---- DATA
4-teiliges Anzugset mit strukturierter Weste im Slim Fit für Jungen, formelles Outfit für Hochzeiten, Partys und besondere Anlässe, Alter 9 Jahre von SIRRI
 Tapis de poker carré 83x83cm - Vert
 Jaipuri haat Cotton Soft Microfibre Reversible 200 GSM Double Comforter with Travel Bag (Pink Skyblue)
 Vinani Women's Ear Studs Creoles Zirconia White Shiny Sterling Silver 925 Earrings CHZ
--------
### TASK TO COMPLETE:
Extract the data exactly as given.

### SOLVED EXERCISE:
4-teiliges Anzugset mit strukturierter Weste im Slim Fit für Jungen, formelles Outfit für Hochzeiten, Partys und besondere Anlässe, Alter 9 Jahre von SIRRI
 Tapis de poker carré 83x83cm - Vert
 Jaipuri haat Cotton Soft Microfibre Reversible 200 GSM Double Comforter with Travel Bag (Pink Skyblue)
 Vinani Women's Ear Studs Creoles Zirconia White Shiny Sterling Silver 925 Earrings CHZ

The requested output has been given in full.